“Bewitched, bothered, and bewildered am I” wrote US songwriter Lorenz Hart about the feeling of infatuation. It’s blissful and euphoric, as we all know. But it’s also addicting, messy and blinding. Without careful monitoring, its wild wind can rage through your life leaving you much like the lyrics of a country song: without a wife, […]
I also loved this comment from reader Lynn on the message board of my “You Are Not Your Disease: You Are Not Your Pot” post.
My schizophrenic partner for many years has lived in his pot, or I should say stayed in his pot for at least 30 years. I somewhat understand why this happens with mentally-ill people. For him, his voices have been his constant companions for the length of his illness. For him the fear of what lies beyond his illness keeps him there. He also holds on to the fact that he is unusual, or different. He has always been crazy, George. I truly believe that he thinks by giving up the “friends” (or voices), negative and positive, he will be left completely alone, and will have no one to be. His fear paralyzes him so he stays where he is safe.
He is a truly kind and loving soul who suffers every day. He now also suffers with the many side effects that 30 years of psychiatric drugs have caused. His struggles are endless, yet he continues to love us: his daughter, his grandchildren and myself. It is a battle for him to remain present in this reality. The anxiety and depression that goes with all of it takes a huge toll. These illnesses ravage self-esteem and relationships. The loss of human potential is beyond understanding.
A doctor told his sister years ago he would probably never marry, have children, or even work. He has done all of this and more. Was it easy? Were we happy? Did we succeed in having the American dream? Not by most standards. We fought through it everyday. We lost much, gained multitudes. We never owned a home or drove a new car. We lived hand to mouth most of the time, and my children and I wore second-hand clothing. But we always had a roof over our heads, and enough food.
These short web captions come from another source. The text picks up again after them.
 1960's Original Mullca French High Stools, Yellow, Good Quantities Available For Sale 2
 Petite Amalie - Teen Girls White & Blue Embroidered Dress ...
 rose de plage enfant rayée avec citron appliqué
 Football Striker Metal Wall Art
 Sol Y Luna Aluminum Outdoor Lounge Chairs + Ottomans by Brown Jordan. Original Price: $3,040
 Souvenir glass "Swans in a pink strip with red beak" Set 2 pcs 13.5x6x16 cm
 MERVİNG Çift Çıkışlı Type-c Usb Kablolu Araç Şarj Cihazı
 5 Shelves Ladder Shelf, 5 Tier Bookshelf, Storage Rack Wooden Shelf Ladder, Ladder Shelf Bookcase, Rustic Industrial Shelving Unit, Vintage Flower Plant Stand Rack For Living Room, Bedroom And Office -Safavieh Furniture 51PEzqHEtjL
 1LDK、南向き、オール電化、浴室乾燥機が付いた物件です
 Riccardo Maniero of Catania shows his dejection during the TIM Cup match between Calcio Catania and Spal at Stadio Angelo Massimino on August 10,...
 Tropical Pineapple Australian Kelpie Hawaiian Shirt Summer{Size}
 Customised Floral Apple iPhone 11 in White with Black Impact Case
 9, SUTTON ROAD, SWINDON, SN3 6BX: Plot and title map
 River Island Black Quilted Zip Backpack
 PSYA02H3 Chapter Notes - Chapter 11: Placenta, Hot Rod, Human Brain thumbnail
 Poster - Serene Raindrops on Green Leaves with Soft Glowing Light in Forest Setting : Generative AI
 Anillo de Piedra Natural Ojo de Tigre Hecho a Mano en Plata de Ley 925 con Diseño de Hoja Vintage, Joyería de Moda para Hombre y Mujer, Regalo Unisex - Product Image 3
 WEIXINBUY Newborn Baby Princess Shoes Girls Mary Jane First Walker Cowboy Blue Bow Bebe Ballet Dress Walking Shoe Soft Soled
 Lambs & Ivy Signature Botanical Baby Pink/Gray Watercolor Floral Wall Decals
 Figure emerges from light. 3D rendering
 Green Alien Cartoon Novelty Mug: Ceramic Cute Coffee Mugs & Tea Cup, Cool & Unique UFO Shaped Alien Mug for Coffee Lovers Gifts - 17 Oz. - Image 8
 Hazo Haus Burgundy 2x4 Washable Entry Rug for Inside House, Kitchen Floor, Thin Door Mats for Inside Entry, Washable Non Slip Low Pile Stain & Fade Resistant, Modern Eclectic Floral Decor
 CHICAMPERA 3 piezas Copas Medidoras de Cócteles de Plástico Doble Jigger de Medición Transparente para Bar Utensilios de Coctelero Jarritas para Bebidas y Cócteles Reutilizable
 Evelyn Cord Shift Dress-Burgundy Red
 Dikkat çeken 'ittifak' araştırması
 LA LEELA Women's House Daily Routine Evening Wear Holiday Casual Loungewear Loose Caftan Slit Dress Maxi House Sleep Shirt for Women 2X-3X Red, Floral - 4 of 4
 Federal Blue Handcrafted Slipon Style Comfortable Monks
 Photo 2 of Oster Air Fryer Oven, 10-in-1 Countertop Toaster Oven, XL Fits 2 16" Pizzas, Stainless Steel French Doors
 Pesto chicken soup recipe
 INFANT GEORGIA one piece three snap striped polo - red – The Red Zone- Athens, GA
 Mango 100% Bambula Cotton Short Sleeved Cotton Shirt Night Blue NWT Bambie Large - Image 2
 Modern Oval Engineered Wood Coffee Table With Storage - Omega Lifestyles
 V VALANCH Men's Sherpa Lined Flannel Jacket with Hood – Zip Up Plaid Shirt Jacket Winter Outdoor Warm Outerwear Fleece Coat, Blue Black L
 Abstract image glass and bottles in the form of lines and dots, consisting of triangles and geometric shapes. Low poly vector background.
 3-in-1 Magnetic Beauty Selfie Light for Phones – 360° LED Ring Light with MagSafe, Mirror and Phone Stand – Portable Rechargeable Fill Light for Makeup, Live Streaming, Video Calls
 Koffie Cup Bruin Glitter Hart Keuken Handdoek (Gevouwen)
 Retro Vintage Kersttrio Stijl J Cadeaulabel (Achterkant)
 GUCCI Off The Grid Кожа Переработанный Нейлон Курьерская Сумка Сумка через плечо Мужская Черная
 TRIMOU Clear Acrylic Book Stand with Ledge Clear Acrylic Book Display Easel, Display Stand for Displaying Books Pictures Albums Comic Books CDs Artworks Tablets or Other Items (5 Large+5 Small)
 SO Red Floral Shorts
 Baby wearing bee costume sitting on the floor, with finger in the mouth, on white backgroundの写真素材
We were looked at like we were less—we were criticized, stigmatized, and ostracized at times–but in truth we are more because at the end of all of this we can all say we know what real LOVE is. His family never let him be homeless, his uncle gave him a job, his family helped us with money and support, still do. My daughter has a mental illness, takes medication, and struggles with her moods. They believe she is bipolar. The family helps with her two kids. Will they, in turn, be mentally ill? Time will tell.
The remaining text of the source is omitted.